%%

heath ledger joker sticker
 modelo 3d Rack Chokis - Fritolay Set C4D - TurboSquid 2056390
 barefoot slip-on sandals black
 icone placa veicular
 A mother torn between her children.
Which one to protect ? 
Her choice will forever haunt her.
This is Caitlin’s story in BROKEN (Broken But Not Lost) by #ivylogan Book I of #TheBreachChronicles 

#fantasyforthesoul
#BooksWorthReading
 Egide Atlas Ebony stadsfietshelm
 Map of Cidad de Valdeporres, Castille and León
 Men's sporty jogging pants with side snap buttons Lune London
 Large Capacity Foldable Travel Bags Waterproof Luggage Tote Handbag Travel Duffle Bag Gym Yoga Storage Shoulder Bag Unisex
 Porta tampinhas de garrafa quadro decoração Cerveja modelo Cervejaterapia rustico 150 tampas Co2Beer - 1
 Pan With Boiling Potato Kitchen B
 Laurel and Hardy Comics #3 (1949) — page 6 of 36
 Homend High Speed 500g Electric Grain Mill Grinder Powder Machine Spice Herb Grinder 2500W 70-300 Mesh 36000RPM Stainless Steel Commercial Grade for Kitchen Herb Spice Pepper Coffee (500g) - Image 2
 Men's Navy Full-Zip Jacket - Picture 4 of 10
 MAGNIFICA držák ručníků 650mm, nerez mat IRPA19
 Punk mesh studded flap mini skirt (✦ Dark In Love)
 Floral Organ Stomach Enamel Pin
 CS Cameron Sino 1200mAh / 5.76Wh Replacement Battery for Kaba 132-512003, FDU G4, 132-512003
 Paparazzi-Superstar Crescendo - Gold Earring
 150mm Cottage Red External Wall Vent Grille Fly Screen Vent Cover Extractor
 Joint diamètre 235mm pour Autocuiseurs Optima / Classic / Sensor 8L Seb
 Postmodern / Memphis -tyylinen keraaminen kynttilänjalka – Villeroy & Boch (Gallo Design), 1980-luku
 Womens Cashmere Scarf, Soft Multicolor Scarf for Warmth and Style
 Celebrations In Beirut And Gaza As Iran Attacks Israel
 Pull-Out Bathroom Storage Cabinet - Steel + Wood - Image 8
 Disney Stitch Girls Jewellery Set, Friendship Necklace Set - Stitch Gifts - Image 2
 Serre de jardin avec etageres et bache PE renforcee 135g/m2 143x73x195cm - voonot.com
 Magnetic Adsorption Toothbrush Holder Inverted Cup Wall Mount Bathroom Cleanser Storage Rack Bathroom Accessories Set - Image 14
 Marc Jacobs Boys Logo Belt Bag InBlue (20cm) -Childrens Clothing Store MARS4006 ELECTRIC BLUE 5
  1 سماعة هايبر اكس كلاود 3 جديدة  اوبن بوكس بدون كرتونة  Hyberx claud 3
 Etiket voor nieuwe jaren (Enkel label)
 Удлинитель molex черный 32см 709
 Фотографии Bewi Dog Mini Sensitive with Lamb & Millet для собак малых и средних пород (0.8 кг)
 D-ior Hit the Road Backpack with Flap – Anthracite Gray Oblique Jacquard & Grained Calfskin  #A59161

%%

▶ What is being asked:
Throughout the data above, report every line that contains the string "Steel".

▶ Exercise response:
 Homend High Speed 500g Electric Grain Mill Grinder Powder Machine Spice Herb Grinder 2500W 70-300 Mesh 36000RPM Stainless Steel Commercial Grade for Kitchen Herb Spice Pepper Coffee (500g) - Image 2
 Pull-Out Bathroom Storage Cabinet - Steel + Wood - Image 8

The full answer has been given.